Don't go to a shipping store like UPS store, Mail boxes etc. or places like that to ship a bigger package. You have to pay them their cut also. Find the closest UPS hub where the trucks are loaded and ship from there. Will probably save over half of that cost.


----------



## daisycutter (Sep 18, 2005)

http://www.ups.com/content/us/en/resources/ship/packaging/dim_weight.html


----------



## eatdrinkride (Jun 15, 2005)

A couple things...

1) The UPS Store (proper) cannot/does not charge any more than what it would cost if you took your package directly to UPS. UPS does not allow it. Mail Boxes Etc. and store like that can and do charge you more.
2) I've shipped 3 full bikes and the charges can vary greatly. I once shipped a bike from AZ to Rhode Island and the UPS store quoted my 130 bucks because it was 1 inch oversized. I crumpled down the edge of the box and then it cost me $65.
3) Once UPS quoted me $130 and I took the same box to Fed Ex, I paid less than $70. 

It's weird.


----------



## Atomik Carbon (Jan 4, 2004)

*Use a bike shipping company....*

like www.shipyourbike.com ( I think ). They get special rates because of their volume and account. Same rates large companies get because they ship a lot. It cost me $99 to ship my bike from Florida to Truckee last year. The weight was around 65 pounds.
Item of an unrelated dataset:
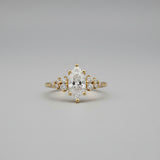 טבעת זהב 14K עם יהלום מרקיזה מרכזי 2.00CT ויהלומי מעבדה בצדדים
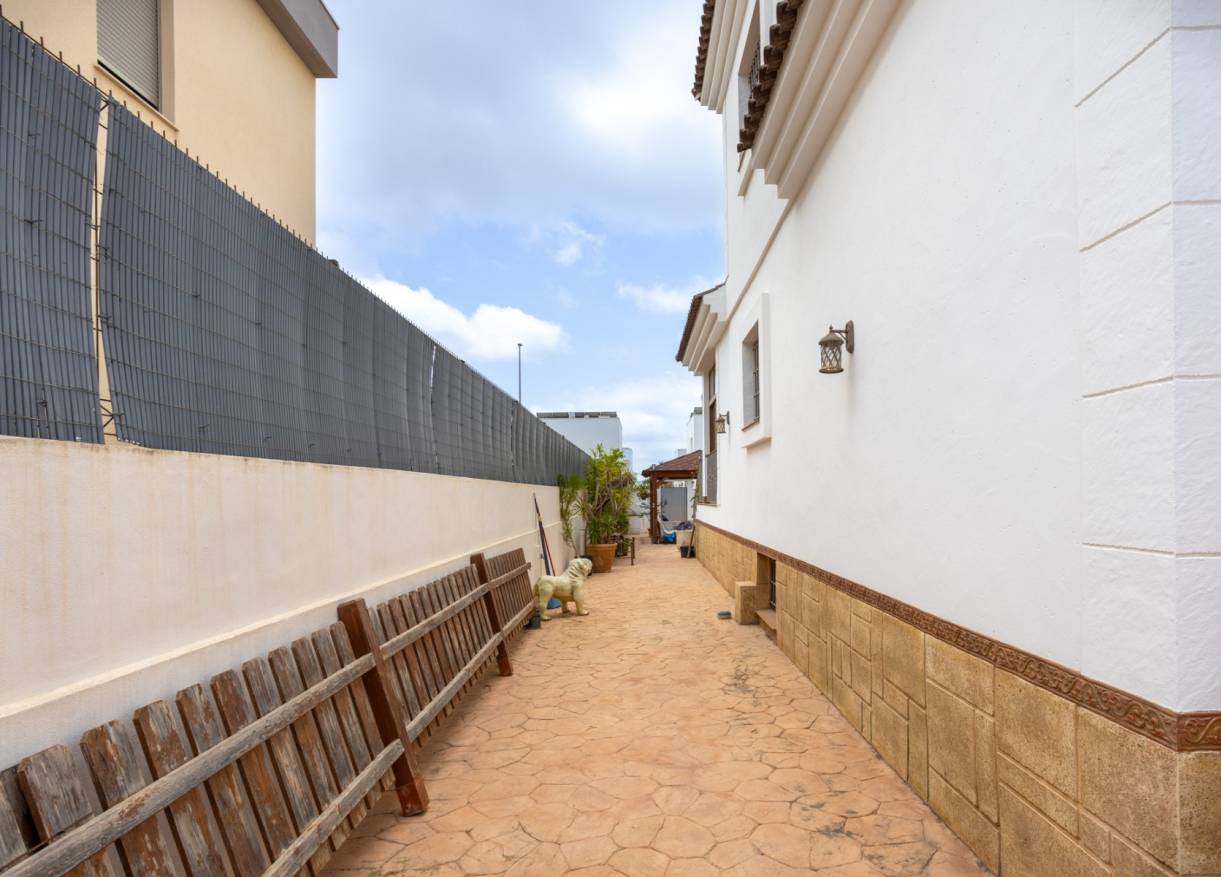 Bestaand - Villa - Los Montesinos - La Herrada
found it: www.shipyourbicycles.com

I must add also that I shipped in a case that I made from 150 mph hurricane approved panels and 2" aluminum angles. Nothing could destroy that box, not even the monkeys at UPS or FEDEX.


----------



## Guest (Oct 16, 2009)

eatdrinkride is very correct with what they posted. If your package is even slightly over the oversize limit, they will get you on the cost. The same thing with the weight as well. I would rather have my bike shipped VIA UPS or Fed Ex before using our good ole USPS. They suck and are always getting things lost or damaged. Fed Ex is really the way to go if you can get them to ship it that way. It cost me just over $100 to get my DH bike shipped from Boston to FL. Over-sized rate as well. 

In the long run, any amount is too costly, but that really is not a bad deal for shipping across the country, and UPS is more reliable than the USPS. Good luck and the best of riding once you do get your bike delivered! .:thumbsup:


----------



## Guest (Oct 16, 2009)

MiniTrail said:


> FedEx ground is brutal on packages. Unless you can pack it in a blast proof case don't do it. UPS ground can be just as bad but is the gentler of the two. Any level express service gets treated much kinder by either carrier.
> 
> And get it shipped before the holiday rush kicks in or the risk grows.


I will not debate that point you made with either UPS nor FedEx, but I have personally had better luck with FedEx than UPS. I think the OP is more concerned with the shipping cost though than the more higher rate of any of the Express services. Granted they do treat the package far better than ground.

BTW, great advise on the holiday scenario. :thumbsup:


----------



## CougarTrek (Jan 27, 2007)

Get it down to 49 lbs and check your dimensions vs. their oversized dimensions.

If you can get it under 50 lbs and within their "standard" sizing the price will drop. This is possible with a standard bike box (cardboard, not sure about the plastic ones), and shaving a pound can be as easy as pulling the seat and post out and shipping them separately (you'll still come out cheaper...).


----------



## 6thElement (Jul 17, 2006)

Fedex charges me ~$60 when I ship my bike in a Thule 699 hardcase, total weight 60lbs across the US with $4000 of insurance.

Ergo, use Fedex not UPS.


----------



## Clutchman83 (Apr 16, 2006)

Thanks for the responses folks. That's what I was thinking. Funny thing is I called them with the weight and dimensions and they quoted me $70 insured over the phone, run it down to the store the next day and now all of a sudden it's $137 before insurance...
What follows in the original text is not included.